Model Selection

Choosing a model affects speed, RAM use, and quality. Prefer the smallest model that still meets your task; larger models cost more memory and latency for often marginal gains.

TL;DR

Solid default (~2 GB chat model):

huggingface:bartowski/Qwen_Qwen3-4B-GGUF/Qwen_Qwen3-4B-Q4_K_M.gguf

Smaller and faster:

huggingface:bartowski/Qwen_Qwen3-0.6B-GGUF/Qwen_Qwen3-0.6B-Q4_K_M.gguf

Pass these wherever Quaynor expects a model path (Chat, Model, Encoder, etc.). First use triggers a download; later loads read from cache and work offline.

Getting a model

Quaynor can fetch GGUF weights from Hugging Face. Pass a huggingface: URI instead of a local path:

huggingface:owner/repo/filename.gguf

Files are downloaded once and cached — after that, no network is needed for that model. hf: is accepted as shorthand.

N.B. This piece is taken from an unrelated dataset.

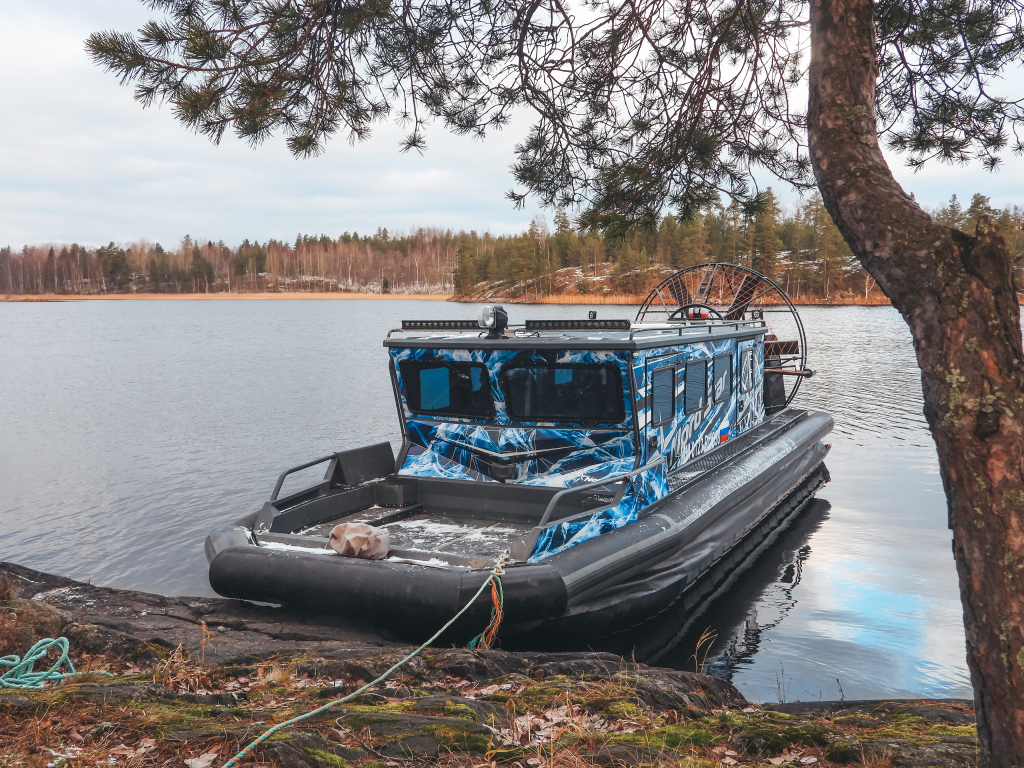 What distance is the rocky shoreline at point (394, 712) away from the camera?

You can pass any https:// URL if the server serves a GGUF directly, or keep using ordinary filesystem paths if you manage files yourself.

Common starting points for GGUF mirrors: Bartowski, Unsloth, and Qwen. Most public .gguf files on Hugging Face work; odd exports sometimes fail — Quaynor surfaces a clear error when something is incompatible.

Understanding file names

A typical chat filename looks like Qwen_Qwen3-0.6B-Q4_K_M.gguf:

Segment	Meaning
`Qwen`	Publisher or family
`Qwen3`	Release line
`0.6B`	Size in billions of parameters
`Q4`	Quantization level (bits per weight, approximately)
`K_M`	Quant variant (e.g. `S` faster / rougher, `L` slower / sharper, `M` balanced)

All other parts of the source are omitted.